MR JACKSON: I thank your Honours. Your Honours, there are two issues raised by the application. One concerns the test for determining whether contempt is criminal that relates to the ability to appeal. The other is whether, when a non-party is proceeded against for contempt for using material provided in litigation, the material thus being subject to an implied undertaking to use it only for the purposes of the litigation, it must appear not merely that the non-party was aware of the litigation and that the documents came from it but also was aware that there was such an implied undertaking by the party. Your Honours, may I deal with them in that order.

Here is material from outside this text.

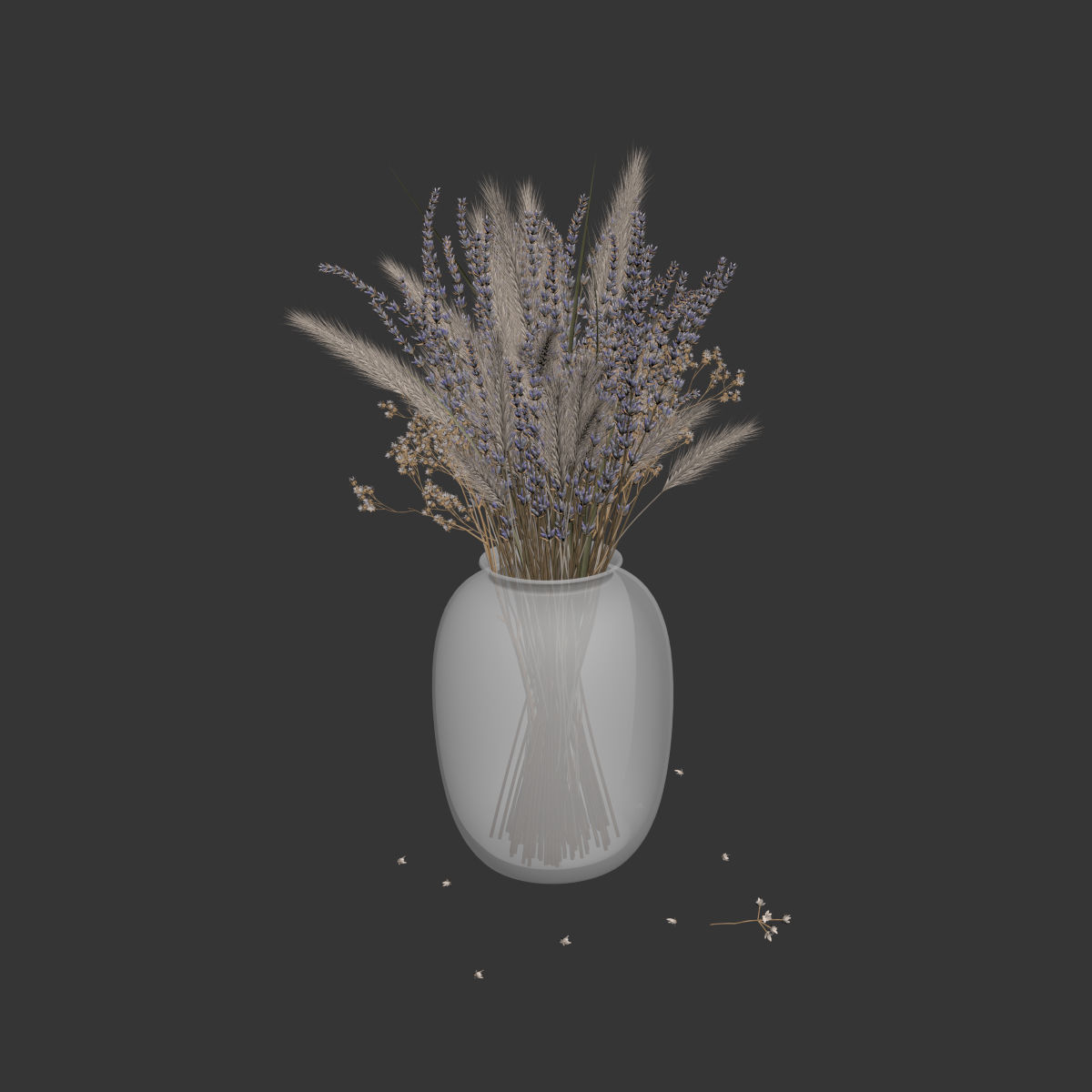 Dry flowers in modern vase 4 3D model_6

In relation to the right to appeal, the respondent purported to appeal to the Court of Appeal from Justice Gzell’s dismissal of the motion for contempt. If the proceedings were for a criminal contempt, there could be no appeal. That is because of the provisions of sections 101(5) and 101(6) of the Supreme Court Act (NSW). Those provisions are quoted by Justice Ipp at page 40 of the application book, paragraph 16. As your Honours will see, the question arising under those provisions was that posed by the words of section 101(6), namely, whether the order of Justice Gzell was made in proceedings that relate to criminal contempt.
Your Honours, in the Court of Appeal Justice Basten said at page 74, paragraph 130 that the test to be applied was that adopted in this Court in Witham v Holloway 183 CLR 525 at page 530. What he meant by that can be seen, if one goes back to page 72, in paragraphs 125 to 126 and, in particular, the quotation in paragraph 125 where a statement of the position in general terms was set out. Your Honours, the difficulty with that view is that the passage quoted from Witham v Holloway does not really reflect the reasoning which was essential to that decision.
May I take your Honours to that case for just a moment. It is within tab 4 of the materials we have provided. The relevant passage is at page 530 at about point 3 on the page. Your Honours will see it is the first new paragraph on that page and it goes through to the end of that page. It appears, if one looks at the context – and I will come to that in just a moment – to be reciting views expressed, in a sense, to that time but that really is the start of the discussion by the Court. The discussion continues and it continues through to page 534, about point 3 on the page, where the ratio of the decision really appears in the first new paragraph.
Could I just say, your Honours, the issue was, what
was the standard of proof beyond reasonable doubt or otherwise and
your Honours
will see that in that paragraph it said that the
differences between the distinction between the two classes of contempt are, in
significant respects, illusory. They did not justify the allocation of
different standards of proof. I will not read out the remainder
of it except to
say that it makes it clear, as Justice Deane said in Hinch,
that:
all proceedings for contempt “must realistically be seen as criminal in nature”.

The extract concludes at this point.